Monique Olivier, l’ex-femme balance

En répondant à une petite annonce du Pèlerin (« Prisonnier cherche contact pour rompre solitude »), Monique Olivier ne se doutait alors pas qu’elle deviendrait, tour à tour, la correspondante, puis la muse, puis l’épouse d’un tueur en série. Et encore moins qu’elle serait finalement sa balance. C’est elle, en 2004, au bout du 141e interrogatoire par la police belge qui finit par avouer que son mari, Michel Fourniret, a bien tué des jeunes femmes.
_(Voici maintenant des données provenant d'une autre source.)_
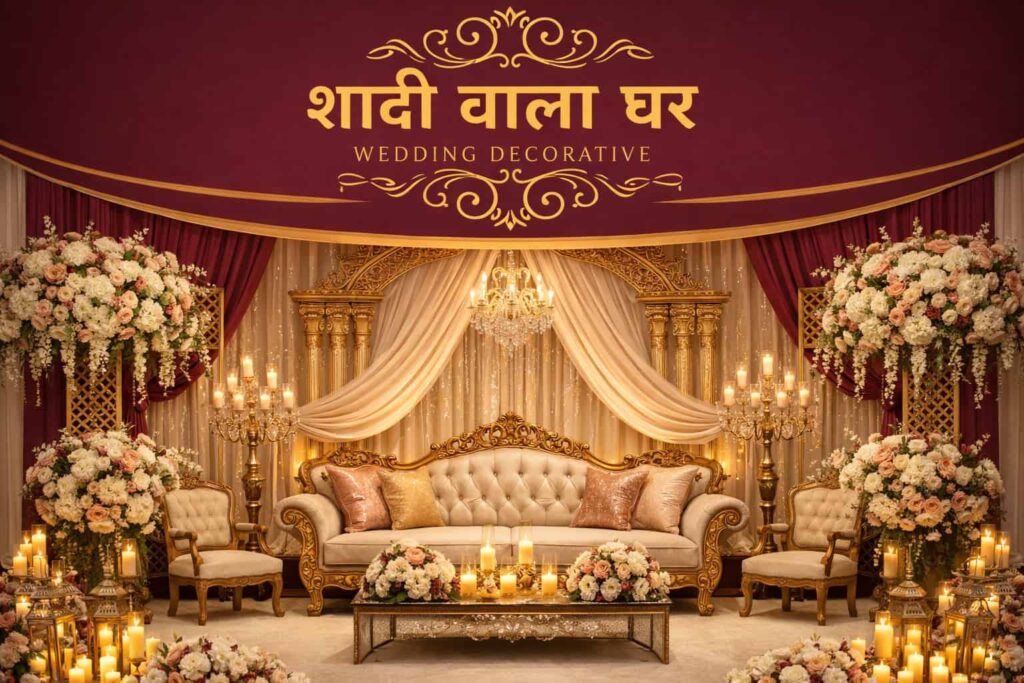 light-colored stage decorative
Mal considérée par le tueur qui la qualifiait de « pétrin à modeler » ou « d’idiote n’ayant rien entre les oreilles », Monique Olivier a fini par divorcer en 2010 alors qu’ils étaient tous les deux emprisonnés. Libérée, selon elle, de l’emprise de son mari, elle a fini par livrer des aveux circonstanciés ces deux dernières années dans le dossier Mouzin. Notamment en mettant à bas l’alibi dont il bénéficiait dans ce dossier depuis quinze ans. Puis en révélant, récemment, la zone où la fillette a été enterrée. Mais les enquêteurs ne sont jamais parvenus à retrouver son corps.